The weather last week hasn’t been great. A layer of grey, light-robbing clouds has been lying over the city nearly every day. Barely finding time to photograph anyway, this didn’t exactly motivate me to go outside. So what could I do? Well, at night it doesn’t really matter if it’s overcast or not. You get light from so many lanterns, storefronts and cars that it’s actually surprising how bright a city is at night.

Photographing at night is a wonderful thing. The light is so different from the sunlight during the day and you have other people walking around. So last week I grabbed my camera around blue hour and went for an hour-long walk through the city. I’ve been photographing at night before but that was mainly last summer. Over the winter however I kind of forgot how many great opportunities present themselves at night.

 

One shot I especially liked was this one.

It was a night club that has a window towards the street. I’ve passed it many times without noticing it during the day but with that red light and the reflections in the window, it instantly caught my eye. A situation that would have never crossed me during the day.

 

 

Think like a moth

 

Even an image with nothing besides people just being lit by artificial light looks beautiful. They don’t necessarily have to do something interesting.

An important thing to find opportunities for good images I think, is to always stay close to some source of light – almost like a moth. With a large aperture you’ll find more than enough light for your images to be properly exposed. At night I usually don’t go below f/2 or otherwise you have to raise your ISO too high. A fast prime lens such as a 35mm, f/1.8 isn’t too expensive, so if you’re planning to go out at night more often it might be worth getting one. Another plus you get from a large aperture is the bokeh which looks beautiful when you have lights in the background.

 

 

Night-time favourites

 

Lately I’ve been drawn to shooting through windows of cafe’s, food joints or small shops during the day. At night this becomes even more beautiful. You’ll get reflections on the windows you’re shooting through, combined with the artificial light from the inside. Many shots taken like this automatically get a cinematic feeling and a certain atmosphere which is hard to get during the day.

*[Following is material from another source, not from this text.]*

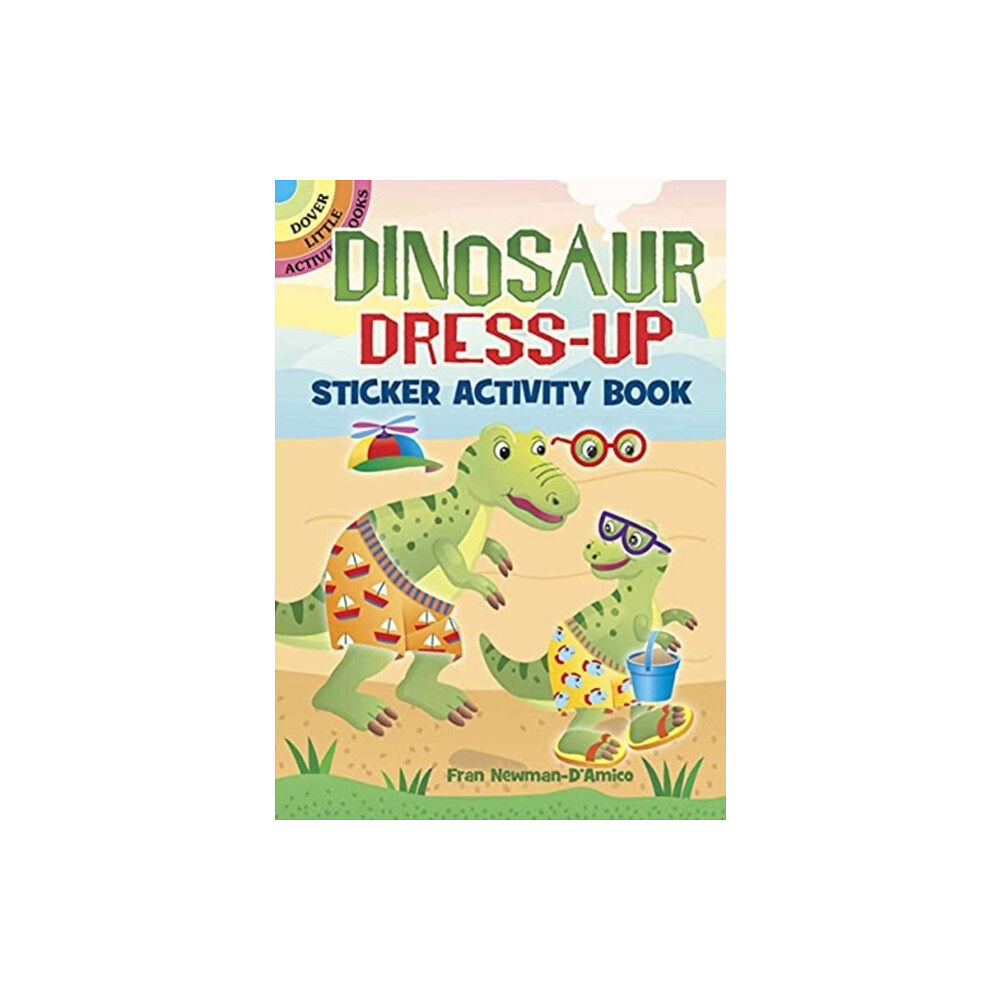 Dover publications inc. Dinosaur Dress-Up Sticker Activity Book (häftad, eng)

Windows almost like a soft and subtle filter lying over your image and giving it that extra bit without exaggerating like actual filters these days.

 

 

 

Of course – Silhouettes

 

I’m a big fan of silhouettes. When done right their outline gives them some character without telling too much about the person. This way they often show enough to tell a story but there’s always some mystery involved.

Shooting at night is a paradise for silhouettes as everything is basically covered in a huge shadow. Just find a bright background and wait for someone to walk by and voilà.

 

 

 

Lastly some tips

 

I’ve mentioned the camera settings but apart from that another important factor to consider is safety. Depending on where you go, you should be a lot more careful than during the day. Don’t try to obviously sneak up to people as they might feel threatened. Only get close if you have a silent shutter. Often you can’t exactly make out the people your photographing and don’t know how they’re going to react when the notice you.

Also important is to stay aware of your surroundings. Always know who and what’s behind you and what’s coming from the side. While you’re taking an image you’re in a pretty weak and defenceless position. I’ve had someone attempt to steal my camera before, while it was on a tripod and it ultimately broke when I was chasing the guy to get it back. So paying attention to what’s going on around you is a must when outside at night.

But if you use common sense and are a bit more careful than during the day, it’s wonderful to go out and shoot when it’s dark.